In 1886 John C. Jones and Captain W. R. McKee, of Orlando, discovered high-grade phosphate on land along the Peace River between Fort Meade and Charlotte Harbor while on a hunting trip. This led to the formation of a syndicate known as the Peace River Phosphate Company by Jones, McKee and a close group of associates. They devised a scheme whereby they could acquire as much land as they wanted while keeping land prices low. The group decided to tell local landowners that the roots of the saw palmetto bushes, that covered the land for miles around, were rich in tannic acid. Their story was to tell landowners that they intended to need to buy their land to remove the bushes and extract this tannic acid from the roots. They would then sell the land back to them for a song. Their plan worked so well that they had soon acquired forty-three miles of riverfront property.

Mining activity along the Peace River proceeded both in the river itself and on the adjacent land. So-called “river pebble mining” was the first to be exploited. In 1888, Arcadia Phosphate Company launched the first tentative mining operation in Bone Valley and made the first shipment of Peace River phosphate pebble about a year ahead of the Peace River Phosphate Company.

The Peace River Phosphate Company and DeSoto Phosphate Company came in 1889, but this phosphate discovery was kept relatively quiet. Rumors of phosphate in Central Florida spread, drawing prospectors and even a New York newspaper reporter. The reporter was told there was no phosphate, and his newspaper published the story.

As a result, Polk County’s phosphate deposit took a back seat the first 15 years to the hard rock region to the north, and the men who gave the reporter the misinformation were buying all the central Florida land they could afford.

There were only two mining plants in the land pebble district in 1890: The Florida Phosphate Company at Phosphoria and the Pharr Phosphate Company at Pebbledale. Pharr made the first shipment of land pebble in May 1891.

Because of its high cost of production, river pebble mining could not compete with land pebble and hard rock. As a result, river pebble production, which peaked in 1893, ceased entirely by 1908.

Hard rock mining, which dominated the early years of the industry, also had high production costs relative to land pebble. In the early years, however, because of its high quality, it was able to demand higher prices from the export market. This market began to diminish in the early years of the century to such an extent that, by 1906, land pebble production had overtaken hard rock. Hard rock production continued to dwindle until mining finally ceased in 1965 in the Ocala-Dunnellon region. The mining of land pebble continues today in central and north Florida.

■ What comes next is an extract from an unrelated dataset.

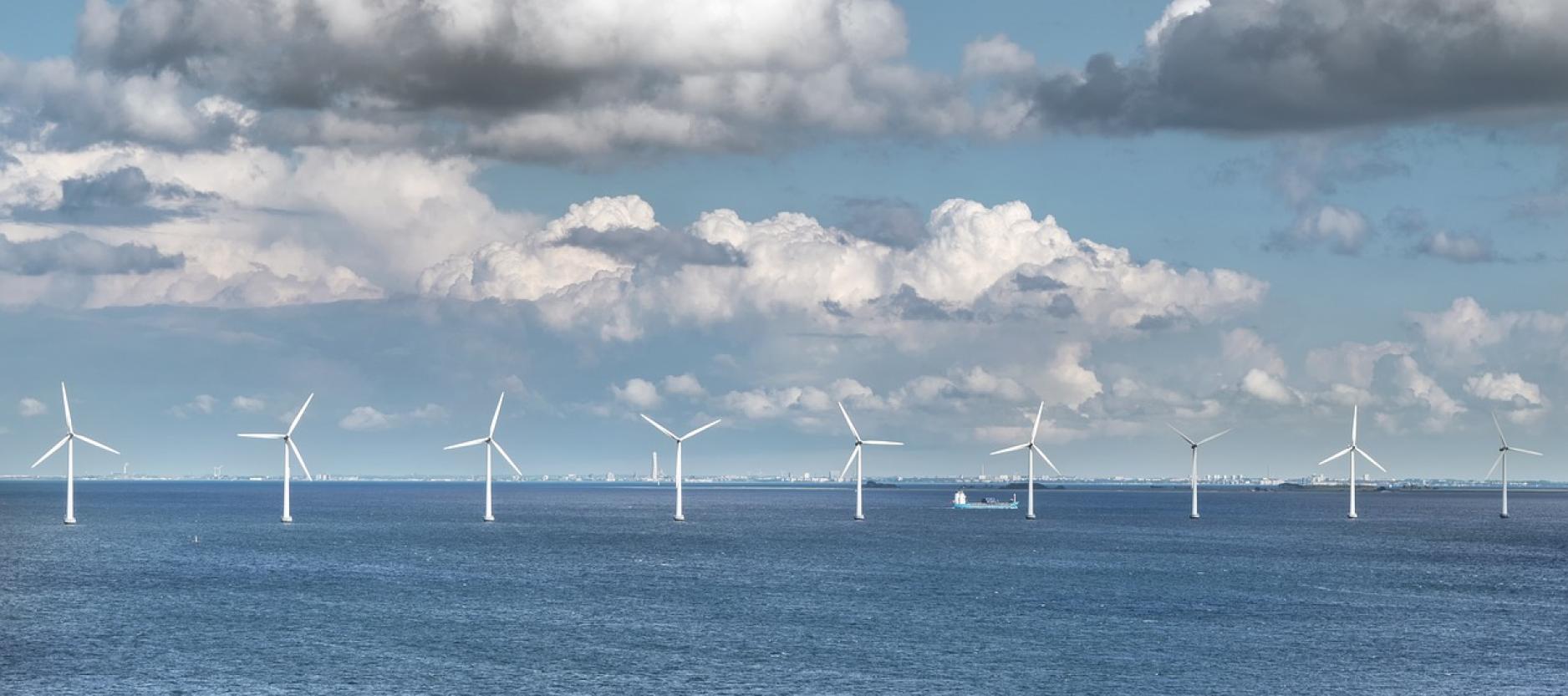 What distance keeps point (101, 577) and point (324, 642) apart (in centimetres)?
6261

Phosphate mining did not come to north Florida in any significant way until the 1960s when Occidental Petroleum Company, like many petroleum companies at the time, was looking for a way to get into the fertilizer business because it was considered a profitable way to diversify. There were no land or acquisition opportunities available to get started in the central Florida mining district, but there were north Florida phosphate reserves that were close enough to the surface to make the area equally attractive as mining sites. Occidental went north and opened a mine in White Springs where it mined phosphate until 1995, when the Potash Corporation of Saskatchewan (PCS) purchased the operation.

Today, after decades of consolidation and market changes in Florida’s industry, three phosphate companies maintain mining operations: Mosaic (a company formed when IMC Phosphates Company and Cargill Crop Nutrition merged in 2004), PCS Phosphate – White Springs, and CF Industries, Inc. A fourth company, U.S. Agri-Chemicals has fertilizer production operations in central Florida, but does not mine.